++++ Data shown

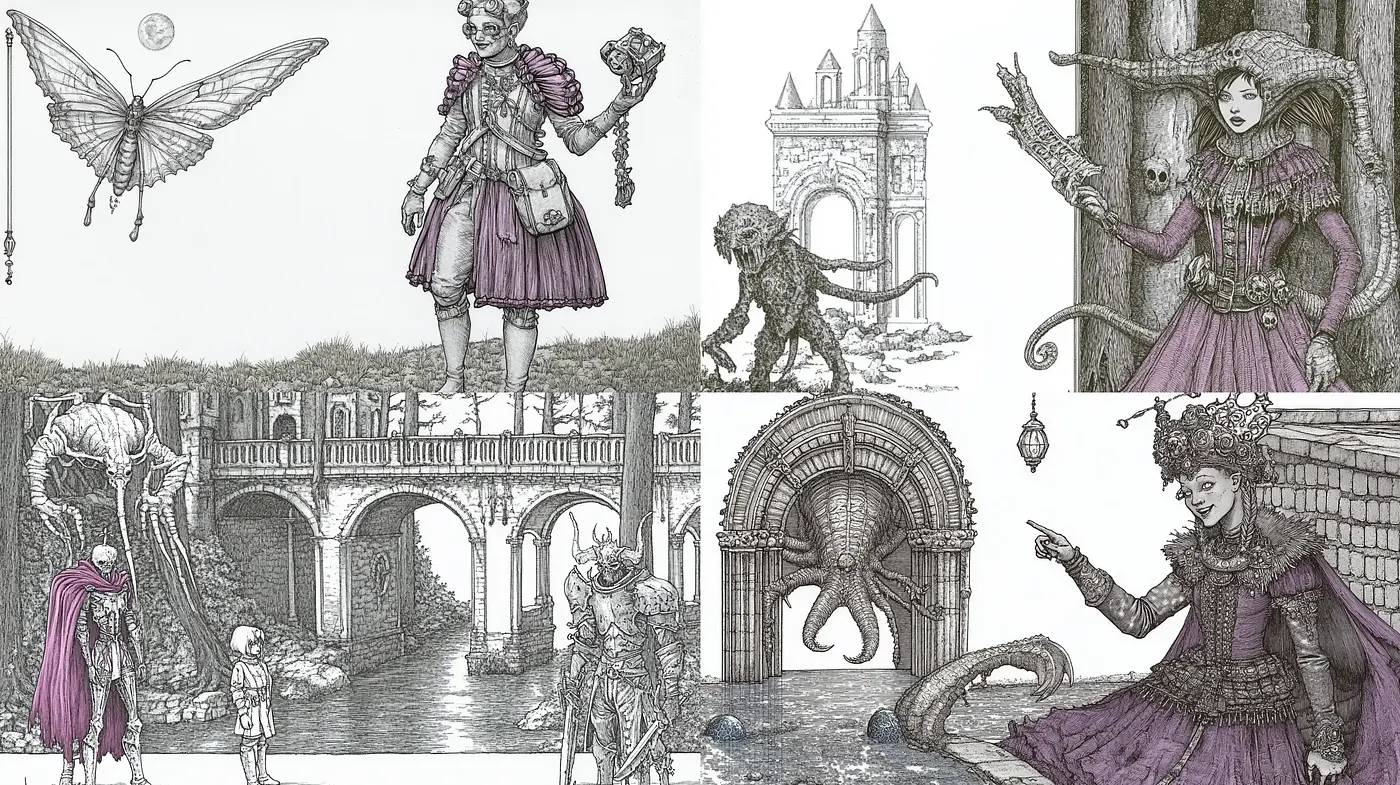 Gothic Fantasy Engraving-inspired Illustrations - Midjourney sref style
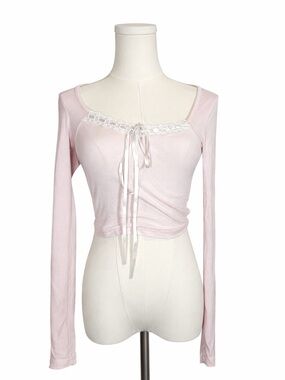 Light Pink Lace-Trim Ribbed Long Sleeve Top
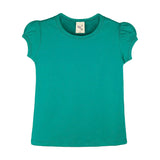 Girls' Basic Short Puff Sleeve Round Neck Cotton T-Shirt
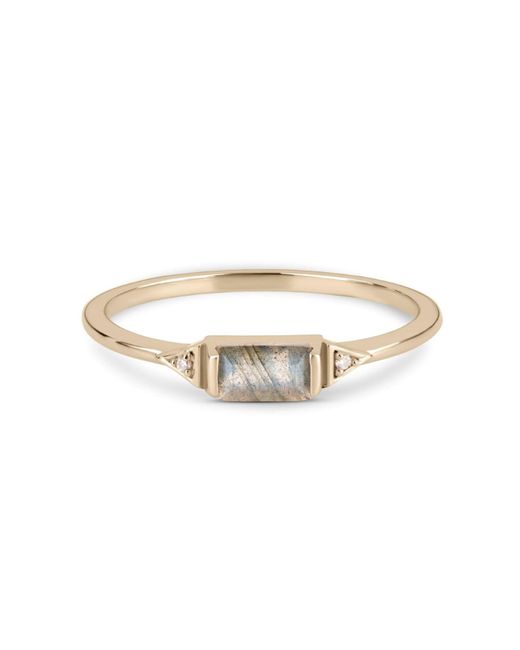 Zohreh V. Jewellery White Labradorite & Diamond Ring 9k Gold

++++++++

Copy out the listing above exactly, and keep the pictures out of it.

* Exercise solution
 Gothic Fantasy Engraving-inspired Illustrations - Midjourney sref style
 Light Pink Lace-Trim Ribbed Long Sleeve Top
 Girls' Basic Short Puff Sleeve Round Neck Cotton T-Shirt
 Zohreh V. Jewellery White Labradorite & Diamond Ring 9k Gold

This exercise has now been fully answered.